Transport Infrastructure Ireland

Traditional Counties


Approaching the Tipperary Road Roundabout from the south. The road to the right is in fact the R932.

Located entirely within County Tipperary, the N74 connects the town of Tipperary with Cashel and junction 9 of the M8.


The N74 begins at a mini-roundabout with the important N24, at the eastern end of Tipperary's Main Street. The N24 TOTSOs here, meaning that traffic travelling straight through the roundabout will pick up our route. The road is initially quite narrow and busy, although it widens as it passes out through Tipperary's suburbs. The houses are mostly mid-20th century, and there are long rows of mostly single-storey dwelling lining the route as we pass along Cashel Road. The road surface is quite poor, and in places it lacks markings.

As we leave the town behind, we pass the cemetery to the left, before climbing gently across what is otherwise a very flat landscape. The speed limit is 80km/h, although the road is of decent width with only the subtlest of curves. There is a section where it narrows in, and the hedgerows rise above us, but for the most part we have unimpeded views of the surrounding farmland. Our course is therefore quite direct as we pass through the eastern reaches of the county.

There is only one noticeable climb on this section, where the road gains a partial hard shoulder which is presumably intended to allow agricultural vehicles to comply with the Irish convention of pulling over onto the shoulder to allow faster traffic to pass freely. Sure enough, as the road levels out, the shoulder disappears again. Some 7 kilometres out from Tipperary we descend to cross a small stream and climb again - although this time without a hard shoulder - to pass through the hamlet of Kilfeakle. This settlement is characterised by little more than a sportsfield, a small housing development, and a cemetery to the left of the road, and a cluster of farm buildings and a church to the right. The road gains hard shoulders on both sides as we pass the church, and a number of single-storey houses line the route as we return to the open countryside.

Dublin is signposted (172km) as approach Thomastown, and the road narrows again to pass through a hedge-lined straight. Thomastown appears to consist of little more than a selection of modern houses, which are scattered over quite an area, a village hall and a stud. Although out of view from the road itself, there is also a castle. The speed limit drops to 60km/h as we pass through this settlement, but we never really feel that we have left the countryside.

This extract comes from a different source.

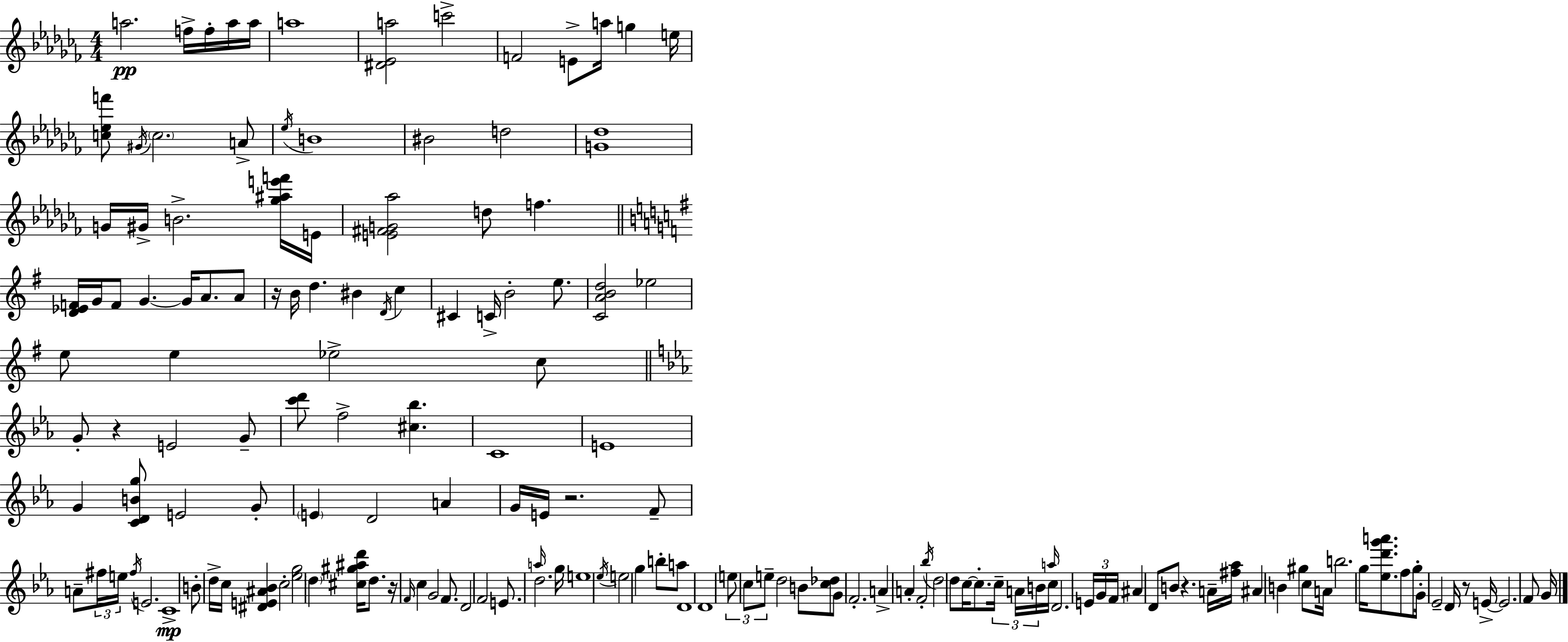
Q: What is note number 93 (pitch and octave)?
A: E5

The remains of Golden Castle feature a medieval tower believed to have been constructed during the 14th century. It stands on an island River Suir, presumably because the river provided it with a natural moat. A statue by the roadside in front of the ruin commemorates Thomas MacDonagh, who fought in the Easter Rising of 1916.

After another kilometre or two, we reach the River Suir. A couple of local roads connect to surrounding hamlets and villages as we draw into the optimistically named village of Golden. This settlement is rather more built-up, featuring the Bridge House Inn housed in what looks like a former coaching house, and a convenience store. This village also boasts a castle, the ruin of which is located right next to the road on the left-hand side, on an island which the road crosses thanks to the presence of two old stone bridges. This section of the road is very characterful, and the walls on either side of each bridge have been painted with yellow and black stripes to highlight the fact that the road narrows slightly as it passes over them. Beyond the island, the houses are lined up close to the roadside, and a traditional butcher's shop catches the eye. There is also a church and a GAA ground, although both are well hidden from the road. As we leave the village, a Spar and an abandoned filling station reduce the character somewhat, and we pass a primary school and some well-maintained housing before leaving Golden behind.

Approaching the Tipperary Road Roundabout from the west.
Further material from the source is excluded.